- [TASK TO CARRY OUT]:
Nothing in the records should be changed in the copy, though the pictures must be left out.

[[ DATASET CONTENT open ]]

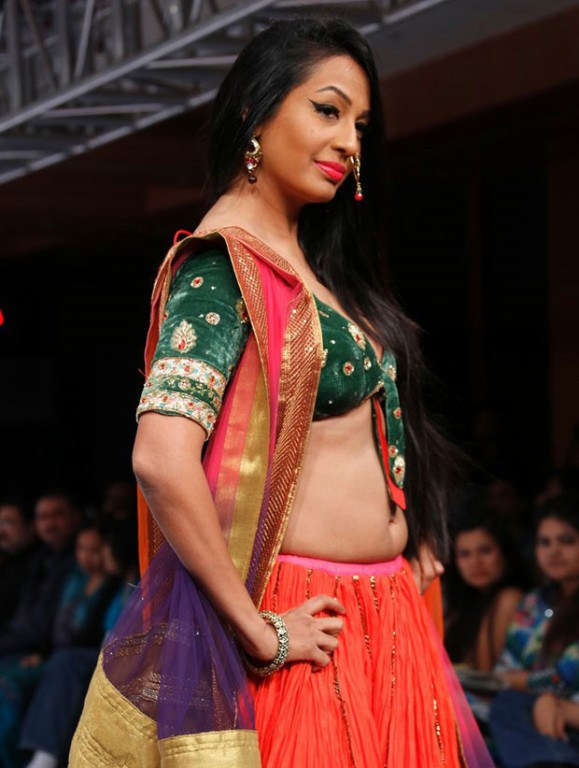 Kashmira Shah Fashion Show Photos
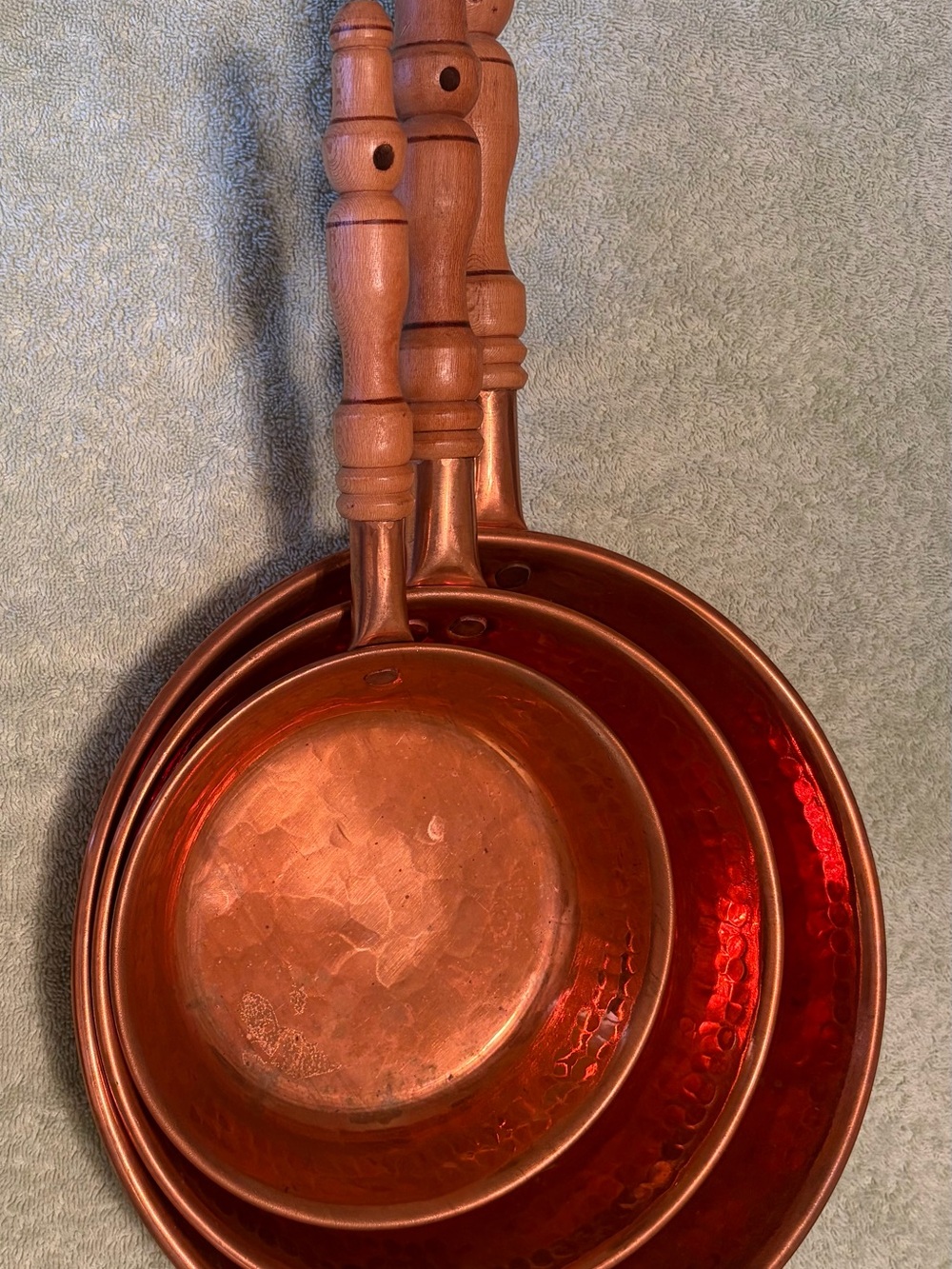 Vintage Hammered Copper Wall Decor Pan Set of 3 Wood Handles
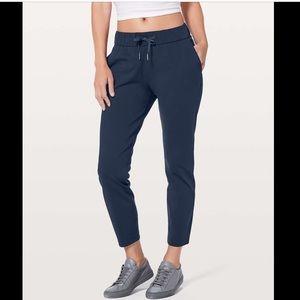 Lululemon Navy On The Fly Crop Capri Pant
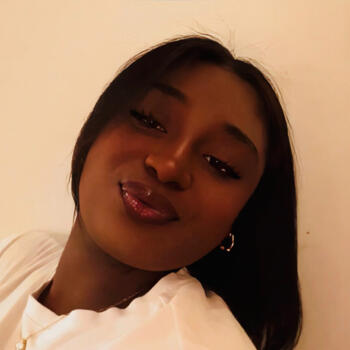 Babysitter Brasília: Sarah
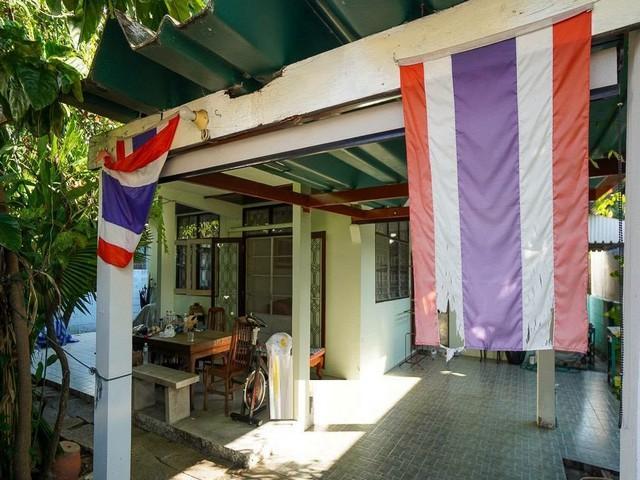 ขายบ้าน ชั้นเดียว หมู่บ้านรวมโชค โชคชัยสี่ ซอย 54 ใกล้ Central Eastville ลาดพร้าว-โชคชัย 4 ขายตามสภาพ บ้านต้องรีโนเวท แหล่งชุมชนใกล้ร้านอาหาร 3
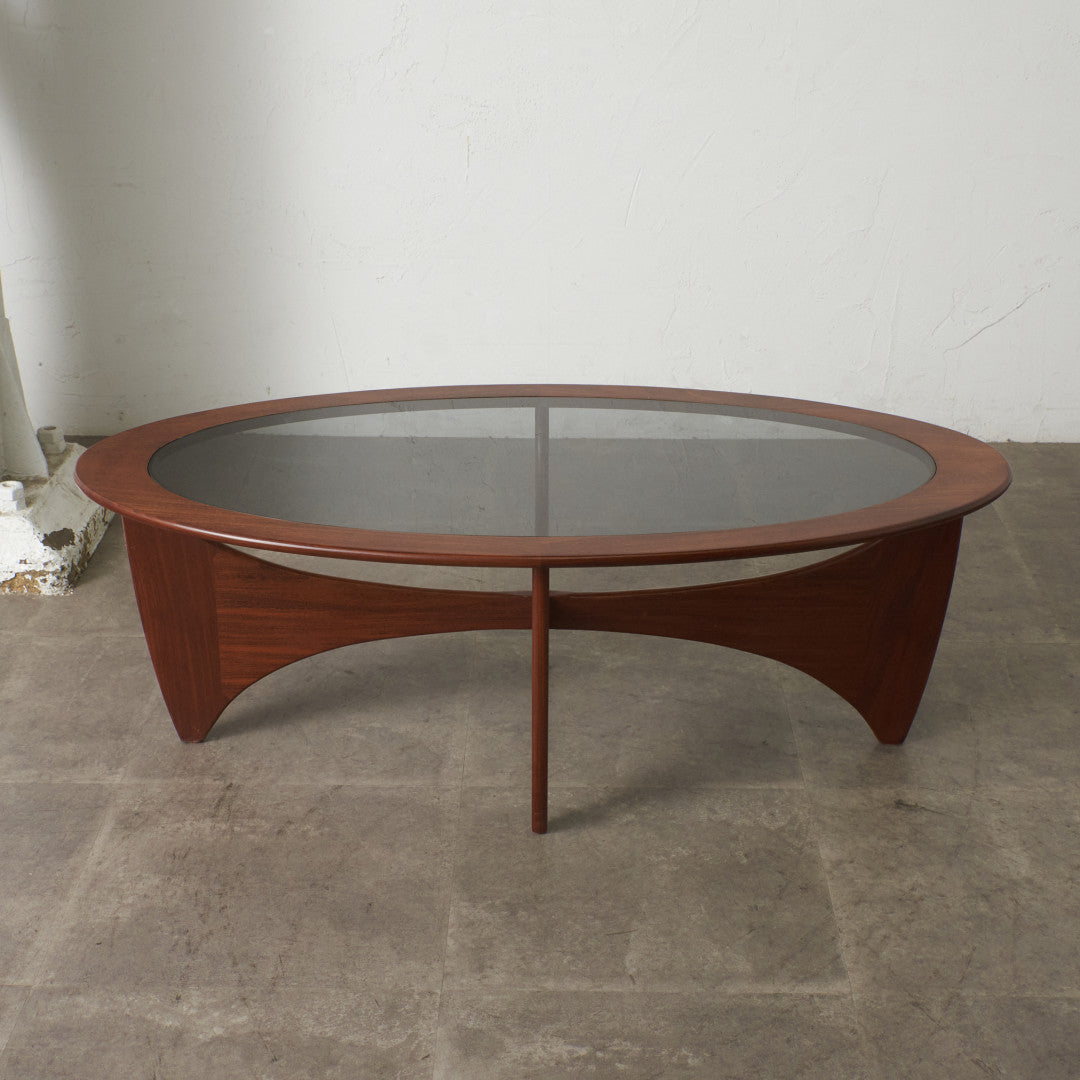 astro オーバルコーヒーテーブル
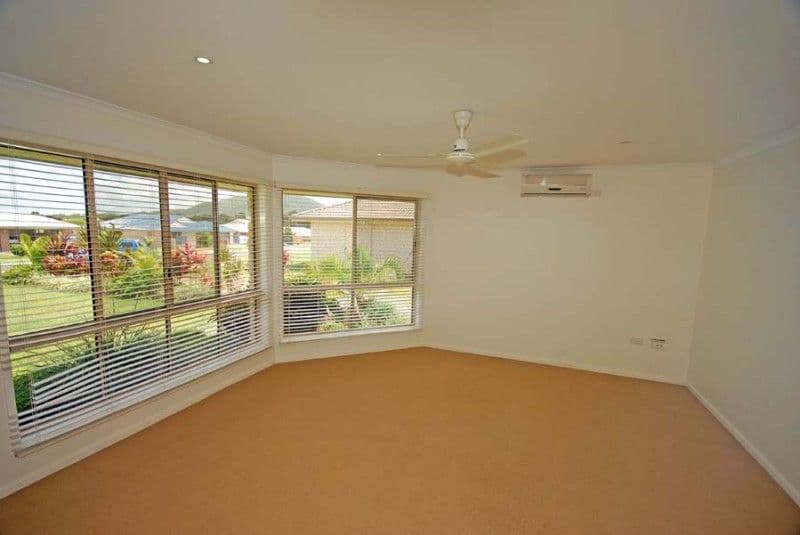 4 Divine Street, YEPPOON QLD 4703, Yeppoon - Thumbnail 2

[[ DATASET CONTENT closed ]]

- [YOUR SOLUTION]:
 Kashmira Shah Fashion Show Photos
 Vintage Hammered Copper Wall Decor Pan Set of 3 Wood Handles
 Lululemon Navy On The Fly Crop Capri Pant
 Babysitter Brasília: Sarah
 ขายบ้าน ชั้นเดียว หมู่บ้านรวมโชค โชคชัยสี่ ซอย 54 ใกล้ Central Eastville ลาดพร้าว-โชคชัย 4 ขายตามสภาพ บ้านต้องรีโนเวท แหล่งชุมชนใกล้ร้านอาหาร 3
 astro オーバルコーヒーテーブル
 4 Divine Street, YEPPOON QLD 4703, Yeppoon - Thumbnail 2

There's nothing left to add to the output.